THE CULT OF “FACE” by China-Mike
Of all the idiosyncrasies of Chinese culture, the concept of “Face” is perhaps most difficult for Westerns to fully grasp. And because “saving face” is such a strong motivating force in China, it’s also one of the most important concepts in understanding the Chinese Mind.
CHINA’S “SUPER GIRL CONTEST” REALITY SHOW
A quick example: Let’s look at the hugely popular Chinese singing contest called “Super Girl Contest”, which is basically their version of “American Idol”. Nearly half of the girls can sing English songs and the competition is just as intense as the US or UK versions….but their response to winning and losing tells us a lot about this Chinese concept of “face” (mianzi or lian).
Westerners will notice that a disproportionate amount of time of the three-hour show is spent with mutual emotional consoling by the singers, hosts and judges.
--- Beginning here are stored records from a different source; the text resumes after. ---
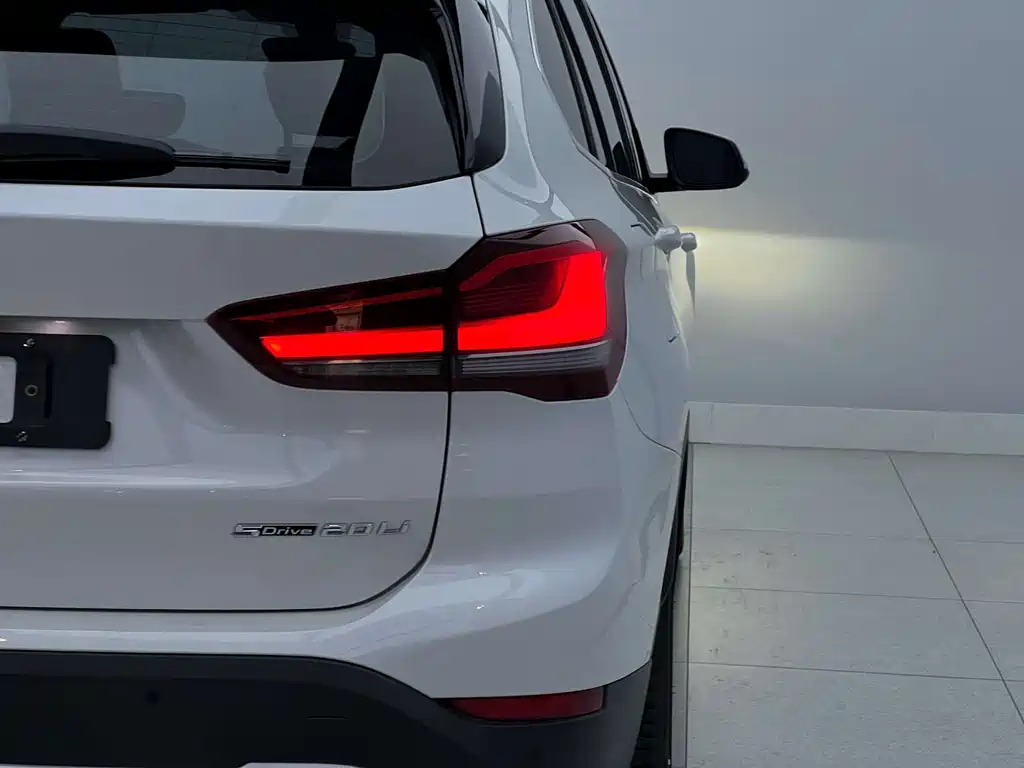 BMW X1 2021 — фото 13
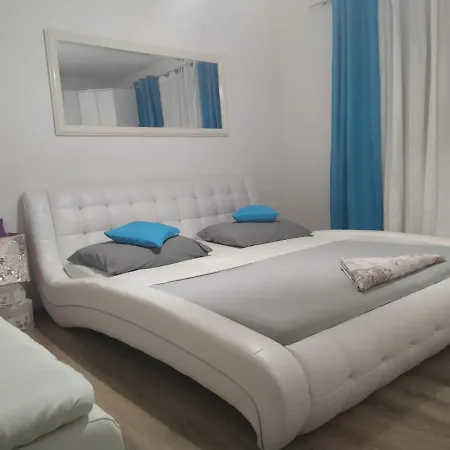 Cozy Dubravka * Makarska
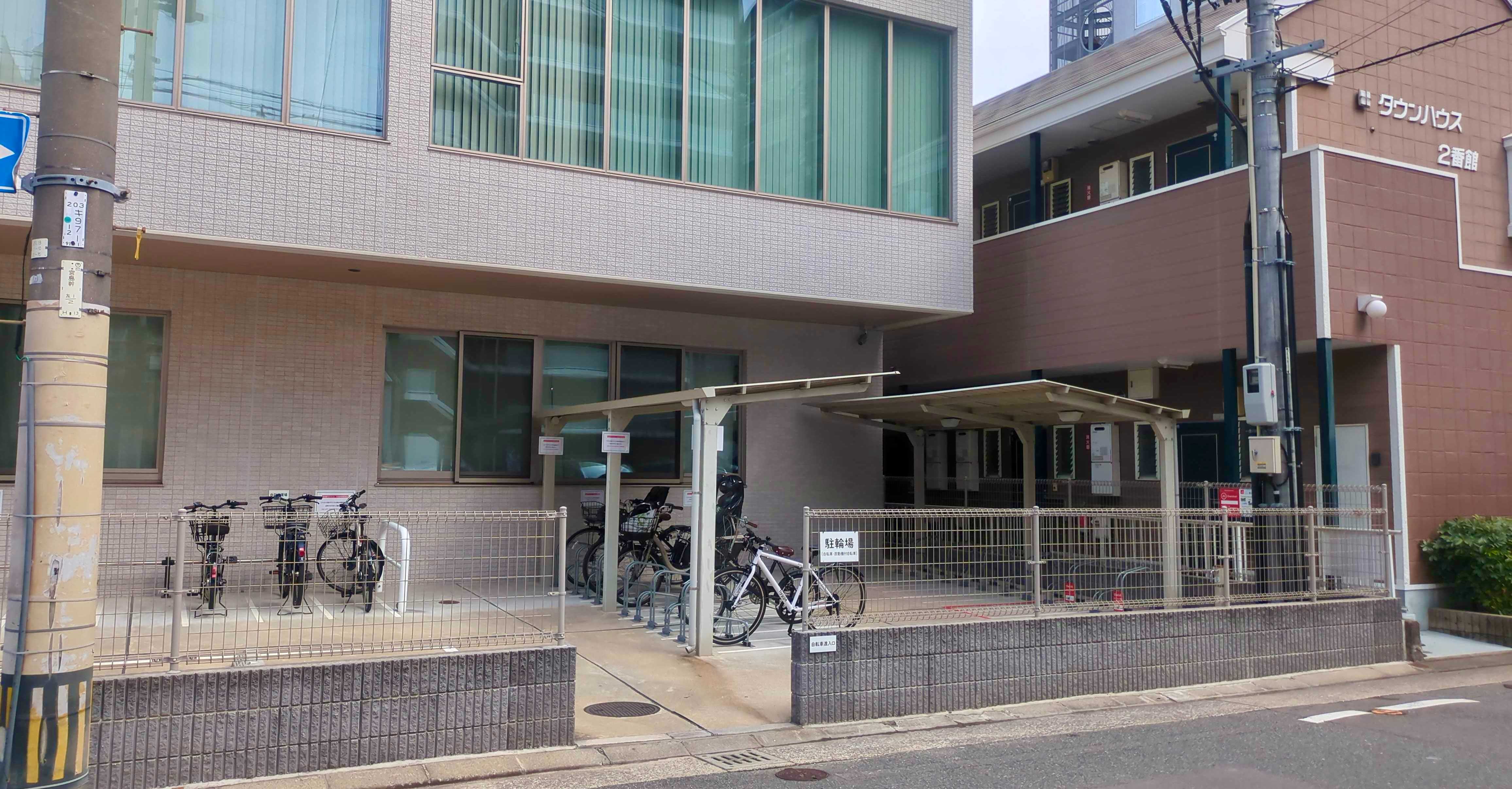 博多駅サウスビル Charichari(チャリチャリ)の施設画像1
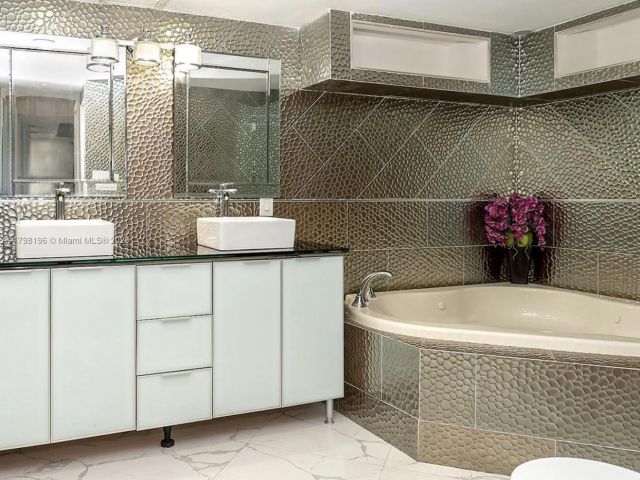 Продажа дома по адресу 2055 Keystone Blvd - фото 5976839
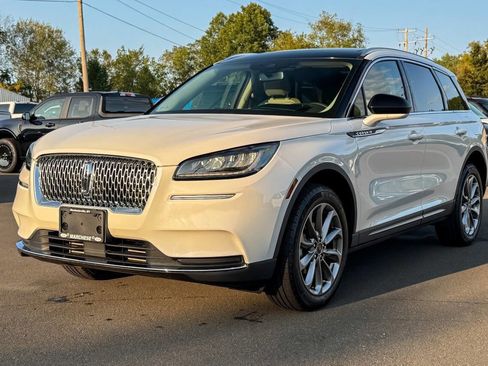 Used 2021 Lincoln Corsair AWD w/ Premium Package image 7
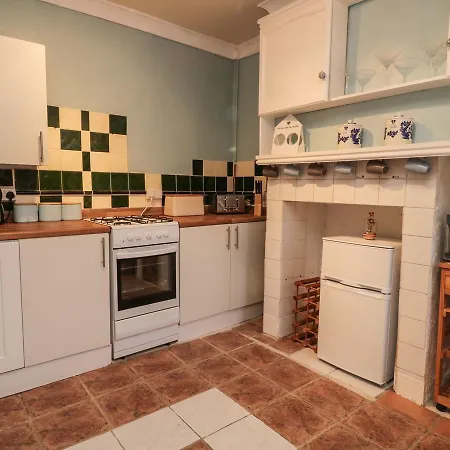 Winterfell Cottage, * Frizington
In fact, to protect against the shame of being eliminated, the show spends more time focusing on the losers rather than the winners!
And even though they have a version of the tough Simon Cowell in a judge named Wu Qixian, you won’t find him fighting with the other judges. Instead, it’s much more of a love-fest than American Idol—with everyone working hard to help protect face.
Unlike the “win-lose” zero-sum mentality of the US, Chinese reality shows and competitions also typically share the prize money. For instance, in the 2006 show “Win in China” (the Chinese version of “The Apprentice”), the winner gets 10 million RMB. The runner up gets 7 million and the other three “losers” get 5 million each! (As you can imagine, there’s also no bouffant-haired jackass who uses the catch phrase, “You’re fired.”)
CHINESE IDIOMS ABOUT “FACE”
Illustrating the obsession with face-management, there are literally dozens of Chinese sayings and proverbs that have to do with “face”, including:
“Men can’t live without face, trees can’t live without bark.”
ren hou lian, shu hou pi
“A family’s ugliness (misfortune) should never be publicly aired”
jai chou bu ke wai yang
mian zi gong chen
For example, “That new expensive airport is just another face project for local officials to suck up to their bosses.”
“Blacken one’s face”
Wang lian shang mo hei
For example, “He blackened your face to get you back for what you did.”
A traditional insult is to say that someone “has no face”.
mei you mianzi
Similarly, one of the worst things is to “lose face”.
GAINING AND LOSING FACE IS SERIOUS BUSINESS
So don’t treat this concept of mianzi too lightly….especially if you’re doing business or spending a long time in China.
Foreigners working in China (who don’t appreciate the full cultural importance of face) often complain that their Chinese counterparts are “too sensitive” about being offended or having their feelings hurt.
Similarly, many ex-pats in China—as well as other Asian countries such as Japan, Korea, Thailand, Singapore—can tell you stories of how their local friend suddenly stopped talking to them (probably because they somehow caused them to lose face).
And from the Western perspective, it is true—the Chinese are generally more sensitive to any perceived slights having to do with losing face since it’s so ingrained in their culture. This cultural thin-skin is largely a product of culture that has valued social harmony as the prime rule (and generally avoided criticism).
In the West, many of these slights are seen as minor and quickly forgotten. But in China, failing to appreciate face can cause serious problems. While an American businessperson might be respected back home for his frankness and being a “straight-shooter,” he would likely be viewed in China as uncultured, overbearing, and rude.